I'm just trying to fill the black hole in my power electronics knowledge. I'm coming to an understanding of why of all the major components in power electronics:

switches
caps
diodes
sensors
control systems (generally microcontrollers)
fuses
batteries

that inductors are the most crucial element, and yet the least understood. With virtually all of the other items on the list, specifications are generally fairly clear, and more importantly it's possible to get a standard part COTS given those specifications. With inductors, neither are true. The document above does give some better indication of how to specify what type of magnetics one needs. But the practice of it isn't straightforward.

Let me give an example. I'd like to build a DC/DC converter that accepts input from a nominal 72-156V pack and can deliver 40A of continuous current at 14V with 5% ripple current maximum. Now I think we all know that we can use a buck, forward, or flyback converter. For simplicity of the exercise let's use a buck configuration (though in reality because of wanted isolation properties, a flyback would be a better choice).
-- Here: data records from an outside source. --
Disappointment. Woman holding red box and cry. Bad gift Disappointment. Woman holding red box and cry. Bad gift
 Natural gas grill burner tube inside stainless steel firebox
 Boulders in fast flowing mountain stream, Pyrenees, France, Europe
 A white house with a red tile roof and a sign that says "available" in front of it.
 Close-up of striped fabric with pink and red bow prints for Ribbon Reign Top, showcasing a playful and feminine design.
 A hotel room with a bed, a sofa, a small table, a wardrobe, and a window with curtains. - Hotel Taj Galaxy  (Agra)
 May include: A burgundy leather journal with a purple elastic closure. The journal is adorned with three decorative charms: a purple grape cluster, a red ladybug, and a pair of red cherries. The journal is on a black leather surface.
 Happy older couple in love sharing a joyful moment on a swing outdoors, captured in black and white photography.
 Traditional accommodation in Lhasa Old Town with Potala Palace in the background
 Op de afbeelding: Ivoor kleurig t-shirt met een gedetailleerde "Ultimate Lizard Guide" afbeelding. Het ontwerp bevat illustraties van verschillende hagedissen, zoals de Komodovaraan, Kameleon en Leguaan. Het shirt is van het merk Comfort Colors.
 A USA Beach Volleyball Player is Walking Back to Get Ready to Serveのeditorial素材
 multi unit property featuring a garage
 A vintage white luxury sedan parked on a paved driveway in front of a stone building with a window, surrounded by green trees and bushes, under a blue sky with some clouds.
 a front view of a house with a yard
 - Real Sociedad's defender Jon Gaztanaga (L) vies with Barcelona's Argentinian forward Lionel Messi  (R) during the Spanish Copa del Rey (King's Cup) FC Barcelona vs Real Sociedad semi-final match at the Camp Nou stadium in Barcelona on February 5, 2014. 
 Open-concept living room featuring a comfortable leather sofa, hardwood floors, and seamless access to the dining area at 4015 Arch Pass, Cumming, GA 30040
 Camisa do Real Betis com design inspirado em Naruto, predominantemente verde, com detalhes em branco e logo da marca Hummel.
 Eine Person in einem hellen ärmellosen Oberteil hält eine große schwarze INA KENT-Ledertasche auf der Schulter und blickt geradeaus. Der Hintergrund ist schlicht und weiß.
So one digs up the hundreds of sites of discussion of buck converters and come up with a diagram similar to this one:










from this page. The specifications of the other items are not too terribly complicated in terms of probably one or two 200V mosfets in a TO247 package that can handle the current, a 50A ultra fast recovery diode with 200 PIV, and a collection of low ESR caps for both the input and the output sides, Throw in a fuse and either a microcontroller or dedicated switching regulator for the control with a 50A hall effect current sensor and a precision resistor voltage divider for the output voltage sensing and you're pretty much set... except for the inductor. As specified on the page:



> The main question when designing a converter is what sort of inductor should be used. In most designs the input voltage, output voltage and load current are all dictated by the requirements of the design, whereas, the Inductance and ripple current are the only free parameters. It can be seen form Equation 1, that the inductance is inversely proportional to the ripple current. In other words, if you want to reduce the ripple, then use a larger inductor. Thus, in practice a ripple current is decided upon which will give a reasonable inductance.
> 
> There are tradeoffs with low and high ripple current. Large ripple current means that the peak current is ipk greater, and the greater likelihood of saturation of the inductor, and more stress on the transistor.
> 
> So when choosing an inductor make sure that the saturation current of the inductor is greater than ipk. Likewise, the transistor should be able to handle peak current greater than ipk. The inductor should also be chosen such that the it can handle the appropriate rms current.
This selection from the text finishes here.